▸ **MATERIAL PROVIDED**:
##########

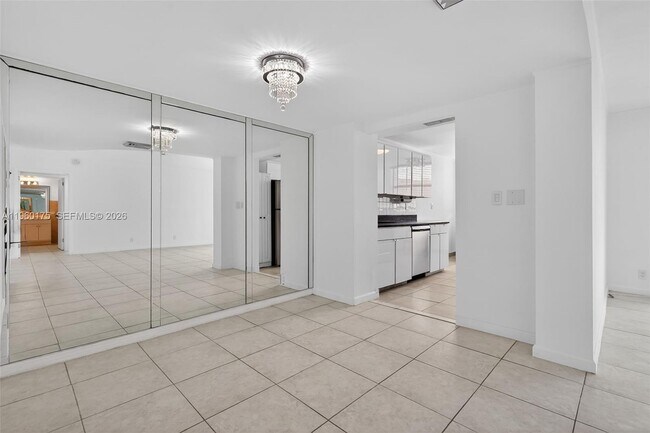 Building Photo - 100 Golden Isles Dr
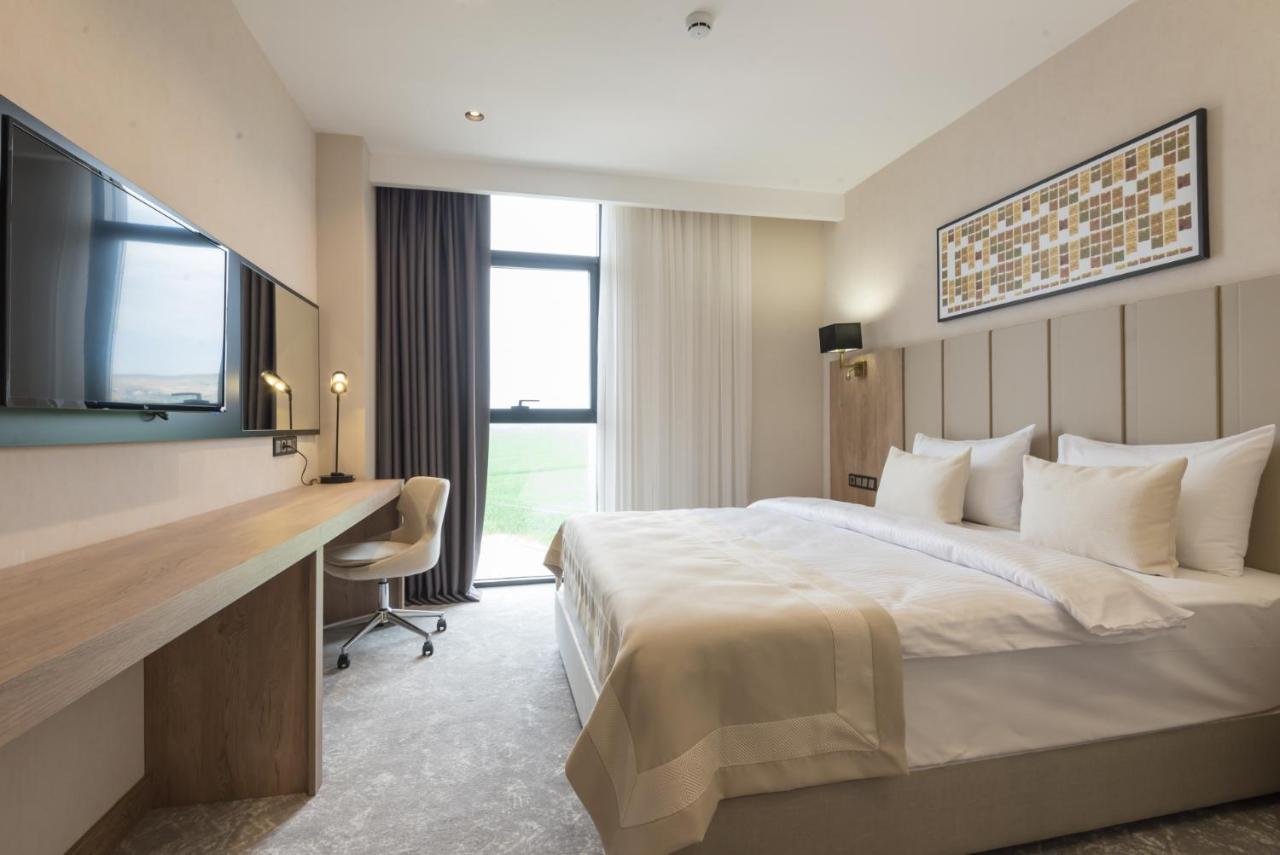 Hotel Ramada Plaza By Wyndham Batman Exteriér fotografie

##########

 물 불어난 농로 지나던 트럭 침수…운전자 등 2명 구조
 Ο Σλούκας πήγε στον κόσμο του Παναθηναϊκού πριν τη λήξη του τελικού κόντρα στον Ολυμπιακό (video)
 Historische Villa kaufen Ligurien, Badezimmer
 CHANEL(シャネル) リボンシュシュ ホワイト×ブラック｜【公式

##########

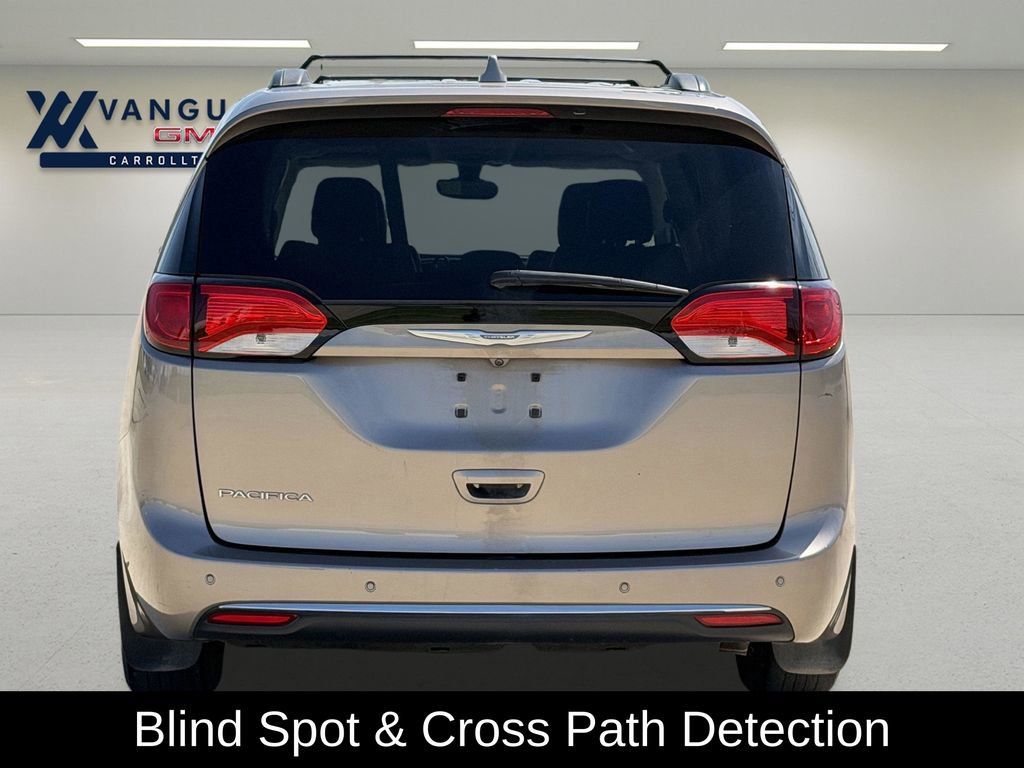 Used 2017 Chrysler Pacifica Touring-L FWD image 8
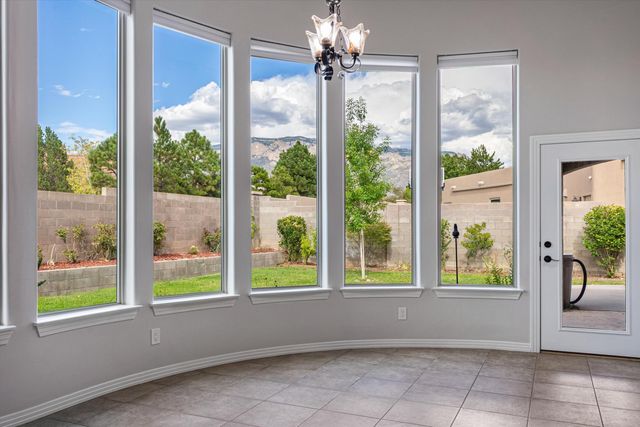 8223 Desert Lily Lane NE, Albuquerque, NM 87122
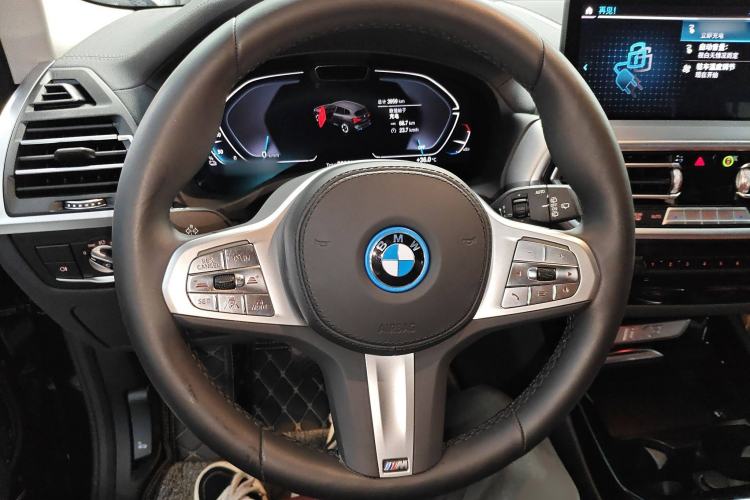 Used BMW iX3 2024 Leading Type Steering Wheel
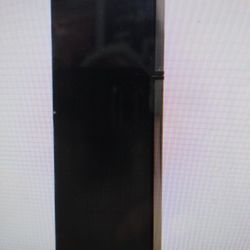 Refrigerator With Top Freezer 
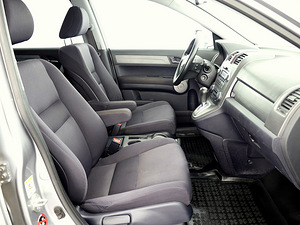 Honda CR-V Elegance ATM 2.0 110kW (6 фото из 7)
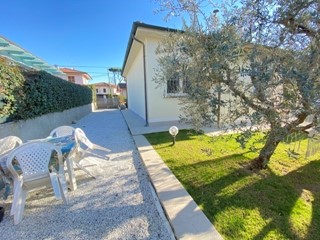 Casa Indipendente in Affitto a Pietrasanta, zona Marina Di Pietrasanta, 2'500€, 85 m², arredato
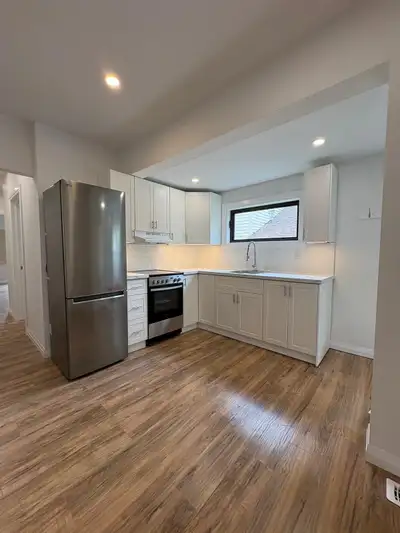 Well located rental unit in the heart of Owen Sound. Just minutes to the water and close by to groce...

##########

▸ **ASSIGNMENT**:
Retype, exactly and with no pictures, everything above from the line with "Building Photo - 100 Golden Isles Dr" down to the line with "Hotel Ramada Plaza", both included.

▸ **ANSWER AREA**:
 Building Photo - 100 Golden Isles Dr
 Hotel Ramada Plaza By Wyndham Batman Exteriér fotografie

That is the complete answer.